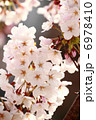 サクラ 6978410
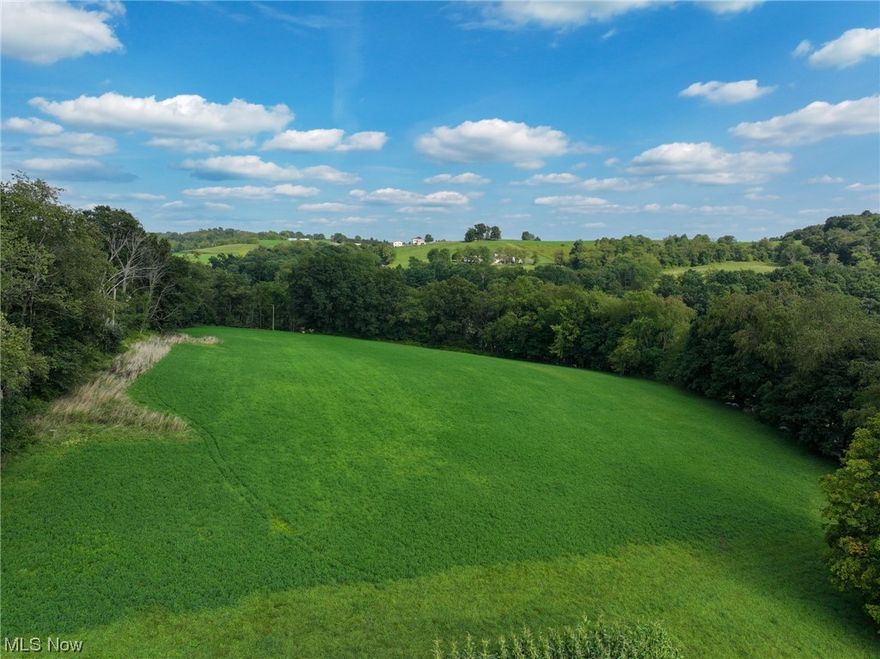 This is an auction. Listed amount does not represent a listing price. Selling at auction Sat. Sept. 30 at 12 noon. Come take a look at this beautiful 66 acre Holmes County farm! Productive farm ground or great spot to build. Currently being farmed organically. This property has been in the family for over 125 years! A great opportunity here! Parcels ranging from 3 to 22 acres. This is Parcel 6, 3 acres. Come to the Open House or walk this land at your convenience and pick out your favorite parcel. Please be careful and respectful of the tenant farmer’s crops.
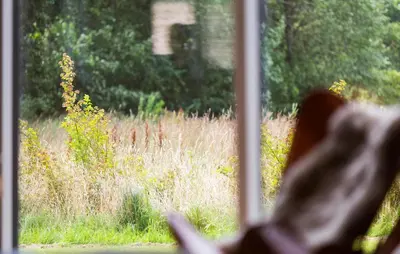 a person looking out a window at a field of grass at Lovely Home In Spøttrup With Sauna in Spottrup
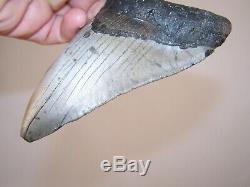 5.03 Megalodon Fossil Shark Tooth Teeth 8.8 oz Free Stand! NO RESTORATION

● REQUIRED ACTION
An exact copy of the whole listing is required, minus the pictures.

● WRITTEN RESPONSE
 サクラ 6978410
 This is an auction. Listed amount does not represent a listing price. Selling at auction Sat. Sept. 30 at 12 noon. Come take a look at this beautiful 66 acre Holmes County farm! Productive farm ground or great spot to build. Currently being farmed organically. This property has been in the family for over 125 years! A great opportunity here! Parcels ranging from 3 to 22 acres. This is Parcel 6, 3 acres. Come to the Open House or walk this land at your convenience and pick out your favorite parcel. Please be careful and respectful of the tenant farmer’s crops.
 a person looking out a window at a field of grass at Lovely Home In Spøttrup With Sauna in Spottrup
 5.03 Megalodon Fossil Shark Tooth Teeth 8.8 oz Free Stand! NO RESTORATION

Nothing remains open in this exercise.